We need a full-fledged legal and contractual base if we want our investment cooperation to develop. We are already moving in this direction. We will sign special agreements on diplomatic property today. This is an issue we have been working on for some time, and it is good to see that the work has now been completed. We hope that our progress will be faster and more intensive than was the case previously.
We updated each other fully on various specific areas of our cooperation. I think this was very useful on the personal level and in terms of clarifying our positions. I think that now we will also update each other on cooperation in the aviation sector and make the final decisions.

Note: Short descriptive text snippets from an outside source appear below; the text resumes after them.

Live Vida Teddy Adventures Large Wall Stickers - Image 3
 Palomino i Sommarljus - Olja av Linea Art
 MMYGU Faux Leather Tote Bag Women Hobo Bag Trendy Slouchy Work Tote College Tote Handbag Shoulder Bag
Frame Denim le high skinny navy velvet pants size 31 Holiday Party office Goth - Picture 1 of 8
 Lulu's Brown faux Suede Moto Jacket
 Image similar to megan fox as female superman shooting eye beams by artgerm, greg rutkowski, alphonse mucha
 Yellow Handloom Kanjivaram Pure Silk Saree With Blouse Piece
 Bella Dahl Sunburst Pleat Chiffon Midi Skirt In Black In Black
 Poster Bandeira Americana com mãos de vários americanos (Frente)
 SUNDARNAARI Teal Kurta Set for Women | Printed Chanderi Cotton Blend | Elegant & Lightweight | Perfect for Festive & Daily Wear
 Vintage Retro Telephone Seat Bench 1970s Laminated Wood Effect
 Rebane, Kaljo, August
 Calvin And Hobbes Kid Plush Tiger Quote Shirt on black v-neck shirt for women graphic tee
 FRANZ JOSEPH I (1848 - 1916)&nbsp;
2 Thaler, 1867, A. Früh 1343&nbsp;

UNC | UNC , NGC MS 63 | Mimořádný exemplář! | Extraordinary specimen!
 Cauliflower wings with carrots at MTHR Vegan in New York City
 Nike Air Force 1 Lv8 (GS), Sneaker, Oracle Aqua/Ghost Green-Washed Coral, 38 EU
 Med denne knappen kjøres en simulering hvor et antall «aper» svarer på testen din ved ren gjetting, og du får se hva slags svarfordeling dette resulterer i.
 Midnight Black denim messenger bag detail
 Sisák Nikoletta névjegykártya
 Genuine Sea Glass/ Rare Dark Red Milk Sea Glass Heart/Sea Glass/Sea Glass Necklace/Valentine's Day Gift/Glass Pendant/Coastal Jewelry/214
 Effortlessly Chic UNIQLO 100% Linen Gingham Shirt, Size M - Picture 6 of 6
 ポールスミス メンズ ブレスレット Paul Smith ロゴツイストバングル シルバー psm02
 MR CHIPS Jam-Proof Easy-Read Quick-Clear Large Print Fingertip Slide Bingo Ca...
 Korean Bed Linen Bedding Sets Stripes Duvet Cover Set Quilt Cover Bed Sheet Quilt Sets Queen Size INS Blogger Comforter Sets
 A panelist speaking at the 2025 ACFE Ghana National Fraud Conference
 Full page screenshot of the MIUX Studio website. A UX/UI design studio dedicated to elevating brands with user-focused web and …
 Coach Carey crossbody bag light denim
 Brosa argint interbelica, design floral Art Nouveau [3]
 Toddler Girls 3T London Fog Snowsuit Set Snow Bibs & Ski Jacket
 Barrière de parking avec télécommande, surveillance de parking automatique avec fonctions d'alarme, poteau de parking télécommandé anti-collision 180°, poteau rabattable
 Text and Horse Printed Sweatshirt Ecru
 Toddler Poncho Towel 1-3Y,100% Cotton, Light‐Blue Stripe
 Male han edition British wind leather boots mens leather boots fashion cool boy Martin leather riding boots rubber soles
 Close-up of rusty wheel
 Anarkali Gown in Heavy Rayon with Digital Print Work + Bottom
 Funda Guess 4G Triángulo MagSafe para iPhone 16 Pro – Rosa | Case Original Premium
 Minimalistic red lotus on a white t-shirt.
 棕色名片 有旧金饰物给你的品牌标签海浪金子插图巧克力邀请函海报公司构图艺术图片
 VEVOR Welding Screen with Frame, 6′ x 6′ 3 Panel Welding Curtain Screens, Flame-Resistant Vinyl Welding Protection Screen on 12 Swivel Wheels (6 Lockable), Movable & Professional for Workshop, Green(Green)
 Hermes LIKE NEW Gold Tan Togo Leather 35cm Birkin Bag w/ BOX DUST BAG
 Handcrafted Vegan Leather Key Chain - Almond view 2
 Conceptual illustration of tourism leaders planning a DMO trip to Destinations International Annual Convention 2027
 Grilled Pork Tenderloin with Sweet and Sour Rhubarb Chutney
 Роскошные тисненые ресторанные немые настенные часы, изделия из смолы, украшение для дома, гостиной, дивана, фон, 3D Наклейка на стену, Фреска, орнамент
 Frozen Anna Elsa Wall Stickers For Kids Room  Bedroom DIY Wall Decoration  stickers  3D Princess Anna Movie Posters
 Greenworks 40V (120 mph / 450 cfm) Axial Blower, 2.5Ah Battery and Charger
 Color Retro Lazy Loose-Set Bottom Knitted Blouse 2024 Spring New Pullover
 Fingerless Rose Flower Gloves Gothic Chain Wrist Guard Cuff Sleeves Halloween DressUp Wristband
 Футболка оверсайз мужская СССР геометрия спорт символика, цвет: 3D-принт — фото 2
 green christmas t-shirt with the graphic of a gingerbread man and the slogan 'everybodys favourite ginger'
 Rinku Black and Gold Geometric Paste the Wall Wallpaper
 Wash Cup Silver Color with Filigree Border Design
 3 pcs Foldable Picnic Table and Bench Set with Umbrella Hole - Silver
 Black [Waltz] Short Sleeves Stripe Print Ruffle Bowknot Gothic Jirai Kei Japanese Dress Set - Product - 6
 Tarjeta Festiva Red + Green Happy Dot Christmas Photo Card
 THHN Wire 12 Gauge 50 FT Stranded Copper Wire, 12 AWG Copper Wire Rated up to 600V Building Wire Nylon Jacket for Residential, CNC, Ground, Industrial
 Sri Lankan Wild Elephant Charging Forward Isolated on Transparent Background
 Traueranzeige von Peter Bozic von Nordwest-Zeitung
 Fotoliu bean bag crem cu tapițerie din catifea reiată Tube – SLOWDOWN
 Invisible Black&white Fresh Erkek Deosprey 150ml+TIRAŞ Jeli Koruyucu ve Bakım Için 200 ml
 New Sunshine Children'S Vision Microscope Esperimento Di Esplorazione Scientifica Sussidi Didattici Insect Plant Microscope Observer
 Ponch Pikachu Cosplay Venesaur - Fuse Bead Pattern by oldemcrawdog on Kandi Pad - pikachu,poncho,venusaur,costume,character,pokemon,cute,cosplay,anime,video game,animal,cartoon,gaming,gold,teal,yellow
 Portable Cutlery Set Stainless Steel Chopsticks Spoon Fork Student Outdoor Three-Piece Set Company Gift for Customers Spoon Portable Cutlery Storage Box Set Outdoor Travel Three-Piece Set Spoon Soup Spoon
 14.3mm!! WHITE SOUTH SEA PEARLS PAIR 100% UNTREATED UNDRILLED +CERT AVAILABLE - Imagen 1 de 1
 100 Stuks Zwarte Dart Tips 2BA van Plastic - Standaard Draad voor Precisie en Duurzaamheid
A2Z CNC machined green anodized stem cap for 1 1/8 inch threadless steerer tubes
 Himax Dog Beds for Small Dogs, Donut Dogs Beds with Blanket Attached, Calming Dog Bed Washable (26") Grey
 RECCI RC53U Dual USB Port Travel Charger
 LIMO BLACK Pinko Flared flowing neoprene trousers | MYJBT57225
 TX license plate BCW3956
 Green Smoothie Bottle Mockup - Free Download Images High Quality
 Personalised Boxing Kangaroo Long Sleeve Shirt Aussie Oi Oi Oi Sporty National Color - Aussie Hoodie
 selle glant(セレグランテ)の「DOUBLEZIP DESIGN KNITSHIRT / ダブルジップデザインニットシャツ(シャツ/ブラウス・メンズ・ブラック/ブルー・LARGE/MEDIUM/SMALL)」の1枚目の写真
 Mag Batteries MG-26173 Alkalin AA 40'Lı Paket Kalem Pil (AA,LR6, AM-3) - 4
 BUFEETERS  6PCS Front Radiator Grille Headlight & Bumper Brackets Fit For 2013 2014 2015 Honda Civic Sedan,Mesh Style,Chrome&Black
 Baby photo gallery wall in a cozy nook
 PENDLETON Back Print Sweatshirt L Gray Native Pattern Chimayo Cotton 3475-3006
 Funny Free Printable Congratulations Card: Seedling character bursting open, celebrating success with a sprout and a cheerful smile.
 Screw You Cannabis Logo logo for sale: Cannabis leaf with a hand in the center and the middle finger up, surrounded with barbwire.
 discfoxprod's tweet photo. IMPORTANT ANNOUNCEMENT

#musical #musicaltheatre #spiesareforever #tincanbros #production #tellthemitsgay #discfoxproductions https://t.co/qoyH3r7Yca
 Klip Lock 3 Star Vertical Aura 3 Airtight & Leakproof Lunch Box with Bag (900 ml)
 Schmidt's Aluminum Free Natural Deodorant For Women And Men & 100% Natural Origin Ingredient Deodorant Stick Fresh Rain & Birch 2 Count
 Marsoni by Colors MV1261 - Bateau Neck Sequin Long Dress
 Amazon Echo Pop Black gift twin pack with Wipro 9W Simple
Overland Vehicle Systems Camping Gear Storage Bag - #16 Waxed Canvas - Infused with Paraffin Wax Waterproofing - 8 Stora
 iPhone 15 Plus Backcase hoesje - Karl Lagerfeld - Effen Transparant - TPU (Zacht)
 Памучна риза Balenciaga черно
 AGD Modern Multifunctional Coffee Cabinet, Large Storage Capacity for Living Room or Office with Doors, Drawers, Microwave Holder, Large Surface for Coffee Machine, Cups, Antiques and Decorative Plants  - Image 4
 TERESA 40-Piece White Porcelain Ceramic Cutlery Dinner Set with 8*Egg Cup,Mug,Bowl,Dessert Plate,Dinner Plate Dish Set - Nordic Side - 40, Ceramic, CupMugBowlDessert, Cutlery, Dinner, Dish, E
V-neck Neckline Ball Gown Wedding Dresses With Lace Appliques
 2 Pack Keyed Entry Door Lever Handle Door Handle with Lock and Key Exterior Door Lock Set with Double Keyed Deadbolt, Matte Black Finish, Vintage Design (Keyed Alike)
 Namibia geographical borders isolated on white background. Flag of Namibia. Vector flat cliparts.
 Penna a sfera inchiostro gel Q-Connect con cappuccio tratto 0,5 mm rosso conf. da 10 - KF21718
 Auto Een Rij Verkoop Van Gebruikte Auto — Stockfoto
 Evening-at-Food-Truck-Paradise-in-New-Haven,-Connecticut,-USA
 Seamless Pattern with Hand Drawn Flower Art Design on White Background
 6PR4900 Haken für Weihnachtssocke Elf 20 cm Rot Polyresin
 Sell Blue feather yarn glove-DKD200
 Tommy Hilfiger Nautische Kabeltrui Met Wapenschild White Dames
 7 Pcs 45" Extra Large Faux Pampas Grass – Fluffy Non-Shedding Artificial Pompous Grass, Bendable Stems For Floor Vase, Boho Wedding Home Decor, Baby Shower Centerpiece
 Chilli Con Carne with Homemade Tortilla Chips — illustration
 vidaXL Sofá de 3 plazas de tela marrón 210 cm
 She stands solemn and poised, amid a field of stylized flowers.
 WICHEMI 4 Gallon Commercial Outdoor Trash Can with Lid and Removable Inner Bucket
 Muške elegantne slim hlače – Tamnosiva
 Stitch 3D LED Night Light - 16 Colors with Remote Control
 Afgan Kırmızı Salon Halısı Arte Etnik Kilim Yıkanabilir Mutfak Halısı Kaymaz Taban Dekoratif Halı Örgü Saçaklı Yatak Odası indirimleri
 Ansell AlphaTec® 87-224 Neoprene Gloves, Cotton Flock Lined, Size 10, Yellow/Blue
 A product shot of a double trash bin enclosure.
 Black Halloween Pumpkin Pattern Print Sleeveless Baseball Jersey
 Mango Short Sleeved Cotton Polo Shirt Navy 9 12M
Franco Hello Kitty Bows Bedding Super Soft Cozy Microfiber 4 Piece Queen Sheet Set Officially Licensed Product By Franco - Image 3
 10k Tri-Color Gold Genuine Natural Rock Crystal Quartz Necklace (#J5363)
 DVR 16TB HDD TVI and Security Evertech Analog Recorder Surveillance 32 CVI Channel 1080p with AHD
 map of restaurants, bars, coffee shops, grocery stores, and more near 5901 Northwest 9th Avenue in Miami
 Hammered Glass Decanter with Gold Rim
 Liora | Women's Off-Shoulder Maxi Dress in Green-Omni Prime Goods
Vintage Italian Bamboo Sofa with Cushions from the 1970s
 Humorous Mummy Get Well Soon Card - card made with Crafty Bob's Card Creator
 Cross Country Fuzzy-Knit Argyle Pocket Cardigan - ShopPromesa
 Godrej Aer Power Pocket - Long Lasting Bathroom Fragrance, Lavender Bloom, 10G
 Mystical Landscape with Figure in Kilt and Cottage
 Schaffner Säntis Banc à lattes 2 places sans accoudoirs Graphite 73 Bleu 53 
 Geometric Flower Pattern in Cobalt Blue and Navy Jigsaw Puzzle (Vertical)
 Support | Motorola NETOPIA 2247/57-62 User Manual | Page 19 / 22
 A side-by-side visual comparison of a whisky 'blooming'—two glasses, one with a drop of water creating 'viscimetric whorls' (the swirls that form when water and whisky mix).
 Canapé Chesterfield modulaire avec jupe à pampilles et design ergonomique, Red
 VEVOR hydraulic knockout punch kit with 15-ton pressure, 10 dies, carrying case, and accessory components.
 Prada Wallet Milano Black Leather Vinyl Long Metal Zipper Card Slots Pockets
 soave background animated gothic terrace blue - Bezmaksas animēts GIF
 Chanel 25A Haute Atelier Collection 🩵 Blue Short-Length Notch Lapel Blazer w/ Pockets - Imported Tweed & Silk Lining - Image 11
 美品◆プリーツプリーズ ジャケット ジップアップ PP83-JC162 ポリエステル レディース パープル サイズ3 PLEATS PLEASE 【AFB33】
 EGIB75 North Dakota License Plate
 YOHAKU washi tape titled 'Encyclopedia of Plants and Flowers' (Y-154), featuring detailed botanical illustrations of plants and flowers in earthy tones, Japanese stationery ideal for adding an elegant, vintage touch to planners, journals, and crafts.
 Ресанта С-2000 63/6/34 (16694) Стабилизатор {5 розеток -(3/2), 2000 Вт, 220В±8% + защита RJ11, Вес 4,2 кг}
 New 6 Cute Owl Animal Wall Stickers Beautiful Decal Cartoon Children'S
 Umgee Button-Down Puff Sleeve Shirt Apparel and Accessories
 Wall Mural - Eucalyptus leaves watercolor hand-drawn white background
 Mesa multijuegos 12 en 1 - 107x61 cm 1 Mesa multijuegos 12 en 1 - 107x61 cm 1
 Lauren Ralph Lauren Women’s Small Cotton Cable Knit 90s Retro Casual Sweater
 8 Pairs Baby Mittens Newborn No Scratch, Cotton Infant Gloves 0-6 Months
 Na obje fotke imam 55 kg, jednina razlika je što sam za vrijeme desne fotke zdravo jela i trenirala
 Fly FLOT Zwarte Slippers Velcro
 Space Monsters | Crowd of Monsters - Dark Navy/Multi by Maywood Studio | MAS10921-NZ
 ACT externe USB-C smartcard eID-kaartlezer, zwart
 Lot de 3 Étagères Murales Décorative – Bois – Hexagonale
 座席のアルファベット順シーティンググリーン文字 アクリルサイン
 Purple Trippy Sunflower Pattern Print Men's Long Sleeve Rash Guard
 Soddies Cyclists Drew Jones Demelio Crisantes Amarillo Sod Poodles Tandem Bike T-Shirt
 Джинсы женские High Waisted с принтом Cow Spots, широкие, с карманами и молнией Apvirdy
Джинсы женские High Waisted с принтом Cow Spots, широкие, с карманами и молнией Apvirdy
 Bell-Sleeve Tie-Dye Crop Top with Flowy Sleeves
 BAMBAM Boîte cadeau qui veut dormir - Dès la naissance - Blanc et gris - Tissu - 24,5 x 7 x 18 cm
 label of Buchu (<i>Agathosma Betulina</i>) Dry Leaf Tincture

Of course, our countries need to pay attention not just to economic relations but also to humanitarian cooperation. We think this is particularly important because these areas – things such as support for our national languages and cultural identity — are the kinds of ties that can bind us together over the truly long term. We hope to sign soon a five-year programme for humanitarian cooperation.
There are also more strategic plans we can discuss. We could discuss the idea of holding [cultural exchange] years if this is of interest to our colleagues. We already have experience organising these kinds of events with other countries. I think we could look at holding such events as part of our bilateral relations. This then is our agenda.
I would like to thank Islam Abduganievich for the invitation to make this state visit to Uzbekistan. I think this visit has been a great success so far in that it has given us the opportunity to discuss such a broad range of issues. The President of Uzbekistan is absolutely right in saying that we have accomplished all of this in a very short time.
I am very glad that the first stop on my visit and first location for our talks was Samarkand, a very ancient city that is always a pleasure to visit. Perhaps the very atmosphere there is conducive to a frank exchange of views on all the main issues on the international agenda and in our bilateral relations.
Today, we are continuing our talks in the capital. I hope that the talks in expanded format will also produce results.
Thank you very much for the invitation. We are ready to start work.